A tirania e os seus fantasmas

O regresso de uma produção de qualidade de Macbeth, com a "diva" Elisabete Matos, em que faltou uma orquestra capaz de cantar.

Foto

Macbeth regressa com os seus fantasmas. Tirano e cobarde, Macbeth é empurrado para o crime desta vez por Elisabete Matos, uma Lady Macbeth implacável que inspira o terror e invoca os "ministros infernais que verteis o sangue".

É ela afinal o centro de toda a intriga e tem o lugar de destaque na reinvenção operática da peça original de Shakespeare. A sua entrada surpreendente - lendo e não cantando - é um exemplo das geniais invenções de Verdi e do seu companheiro libretista Francesco Maria Piave nesta obra estreada em 1847.

A ópera de Verdi possui outros belos momentos de teatro, logo desde o início em que as bruxas prevêem o futuro, ou nas ocasiões em que a orquestra se cala para sublinhar o que é dito e dar um novo impulso dinâmico à cena. Apesar da boa solução cenográfica inicial, com o caldeirão e os grandes espelhos partidos, o coro das bruxas não teve contudo a força que devia ter, numa entrada atabalhoada com a orquestra. Domenico Longo não marcou bem o tempo nem explorou a fundo os recursos orquestrais de Macbeth noutras passagens. A orquestra verdiana não se limita a acompanhar os cantores e a recriar o ambiente escuro e terrível dos crimes palacianos, muitas vezes ela é chamada a cantar também. E não cantou como podia.

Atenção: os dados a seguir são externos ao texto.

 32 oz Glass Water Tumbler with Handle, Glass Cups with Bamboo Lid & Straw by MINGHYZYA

Mas houve Elisabete Matos no papel da terrível Lady, com algumas excelentes intervenções nocturnas e arrebatadas na sua atracção sanguinária pelo poder. Não foram apenas truques vocais (escurecer a voz ou uivar assustadoramente), mas uma construção muito consistente da perigosíssima Lady Macbeth.

O barítono espanhol Àngel Òdena teve momentos muito bons, mas nem sempre agarrou vocalmente a sua personagem contraditória, ao mesmo tempo ambiciosa e cavada pelo medo. Excelente foi o tenor Enzo Peroni, com uma fabulosa intervenção no último acto: "O figli, o figli miei!", em que denuncia a tirania depois do coro de fugitivos cantar aquele que podia ser um hino do Risorgimento italiano "Pátria oprimida, não posso dar-te o nome de mãe..." O coro esteve aqui muito bem, tal como nas fortíssimas cenas do fim do primeiro e segundo actos.

 

A encenação (uma revisão da produção que esteve em São Carlos em 2007) acerta no essencial, mas falha redondamente no final: pois aquele povo oprimido é no fim "arrumado" na celebração do novo poder com o coro de mulheres todas vestidas de igual, numa simbólica que nos parece limitar o ímpeto emancipador de Macbeth.

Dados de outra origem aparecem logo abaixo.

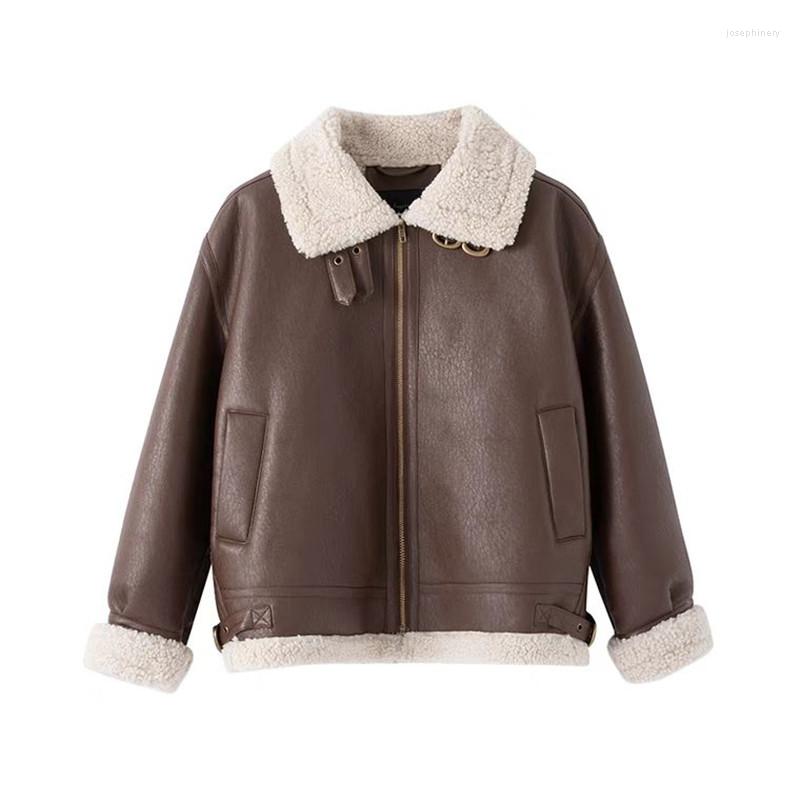 Women' Leather 2022 Women Korea Style Winter Coat Warm Faux Sheepskin Short Thermal Jacket Windproof Motor Parkas, Coffee coat
Women' Leather 2022 Women Korea Style Winter Coat Warm Faux Sheepskin Short Thermal Jacket Windproof Motor Parkas, Coffee coat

É preciso contudo felicitar as boas soluções cénicas, incluindo a estrutura circular que é por vezes um caldeirão das bruxas, mas também olho, espelho, lua, mesa (e até uma espécie de CD gigante) e as duas cadeiras (uma pequena que se transforma numa grande) que funcionam muito bem numa ópera que denuncia os crimes sucessivos de quem se quer manter a todo o custo no poder. Ópera política, sim, e bem actual.

Elisabete Matos, com muitos fãs entre o público presente, é de facto uma grande estrela - e não desiludiu. Mas, infelizmente, nós também ouvimos Dimitra Theodossiou a ser Lady Macbeth em 2007 nesta mesma produção, e não podemos deixar de comparar: a cantora grega foi ainda mais terrível, mais tresloucada, mais sanguinária.